Schwäbisch Hall. Ungüstiger hätten die Vorzeichen für das entscheidende Spiel der Jesingerinnen in Schwäbisch Hall nicht sein können: Noch nie hatte der TSV bei der TSG gewinnen können, zudem mussten die Teckstädterinnen auf Trainer Stefan Fortunat (mit dem VfL in der Landesliga aktiv) und Kapitän Daniela Fischer (krank) verzichten. Die TSG Schwäbisch Hall hingegen hatte nach der 6:149-Klatsche der Vorwoche, als etliche Stammspielerinnen gefehlt hatten, wieder das komplette Personal zur Verfügung.

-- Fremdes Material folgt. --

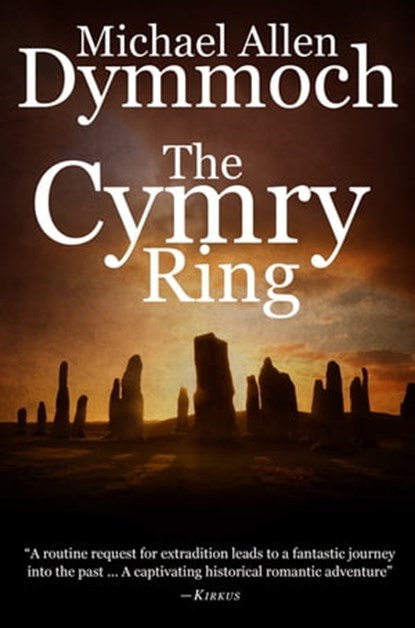 The Cymry Ring, Michael Allen Dymmoch - Ebook - 9781626818200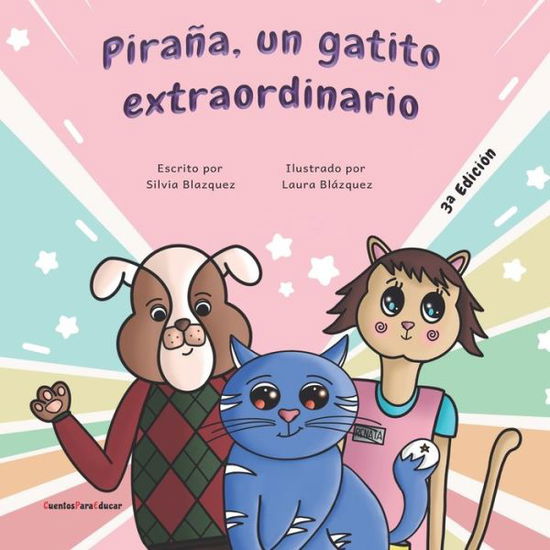 Cover for Silvia Blazquez Baeza · Pirana, un gatito extraordinario (3a Edicion): un cuento sobre el sindrome de Down (Paperback Book) (2022)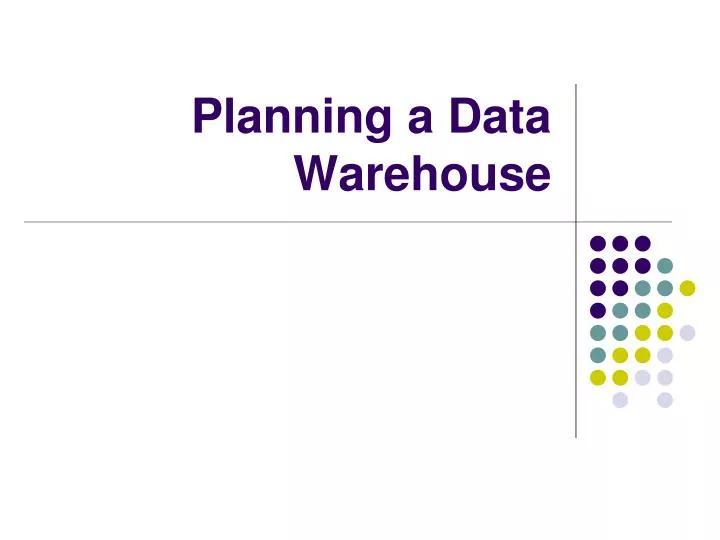 planning a data warehouse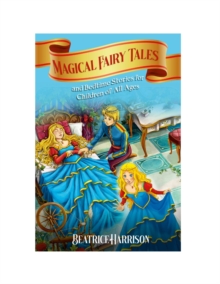 Image for Magical Fairy Tales and Bedtime Stories for Children of All Ages (Volume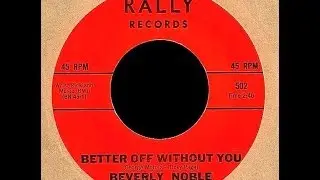 Beverly Noble - BETTER OFF WITHOUT YOU  (Gold Star Studios)  (1965)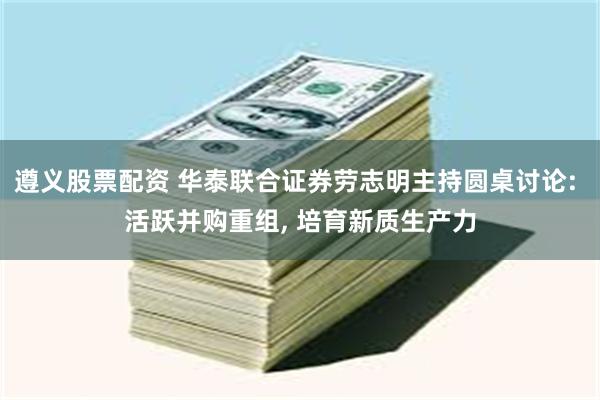 遵义股票配资 华泰联合证券劳志明主持圆桌讨论: 活跃并购重组, 培育新质生产力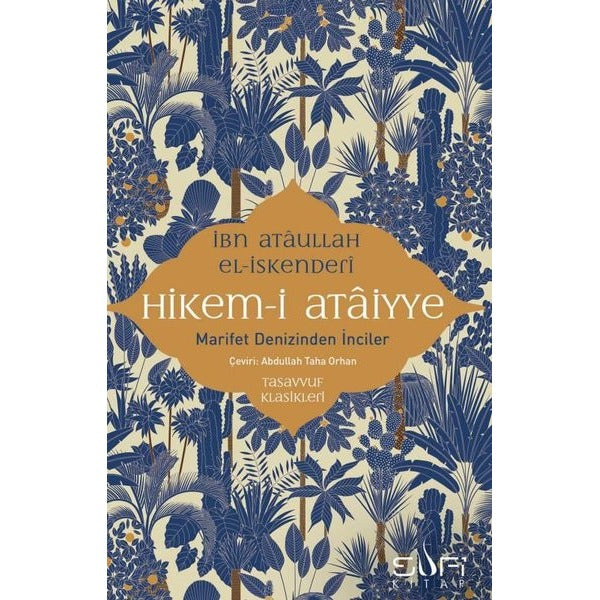 Hikem-i Ataiyye: Marifet Denizinden İnciler | Sufi Kitap (İnce Kapak)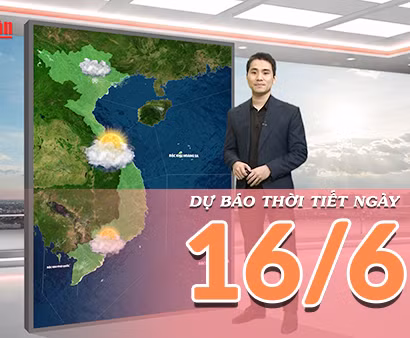 [Video] Dự báo thời tiết ngày 16/6/2026: Mưa lớn tại trung du và miền núi Bắc Bộ, Trung Bộ nắng giảm cường độ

Gleich zu Beginn setzten die Gastgeberinnen dem TSV mit Würfen jenseits der Dreierlinie zu. Doch die Gäste versuchten mitzuhalten. Die Trefferrate nach dem ersten Viertel lag bei 7:6, wobei die Gastgeberinnen jedoch fünf Dreier versenken konnten, mit 20:14 führten. Anfangs des zweiten Viertels spielte Jesingen konsequent und effektiv, konnte bis auf 20:23 herankommen. Doch mit drei Dreiern stellte Hall den alten Abstand wieder her. Mit 42:29 aus Sicht der Gastgeberinnen ging es in die Pause.
Inzwischen traf das Endergebnis aus Stuttgart ein. Der MTV Stuttgart hatte den TV Derendingen in einem kampfbetonten Spiel mit 58:51 besiegt, die Derendinger Schützenhilfe für Jesingen blieb aus – Stuttgart war in diesem Moment punktgleich mit dem TSV Jesingen, aufgrund des direkten Vergleich jedoch am TSV vorbeigezogen. Die Ausgangslage war klar: Um die Klasse jetzt noch zu halten, hätte Jesingen das Spiel gewinnen müssen. Doch die Belastung war zu hoch, die Kräfte bei den teilweise angeschlagenen Spielerinnen schwanden. Die TSG parierte die Angriffe und konnte selber die Führung weiter ausbauen. Am Ende des dritten Viertel stand es 41:62 – ein Rückstand, der nicht mehr aufzuholen war. Die Gastgeber zeigten im letzten Viertel den Klassenunterschied auf und gewannen klar mit 89:54.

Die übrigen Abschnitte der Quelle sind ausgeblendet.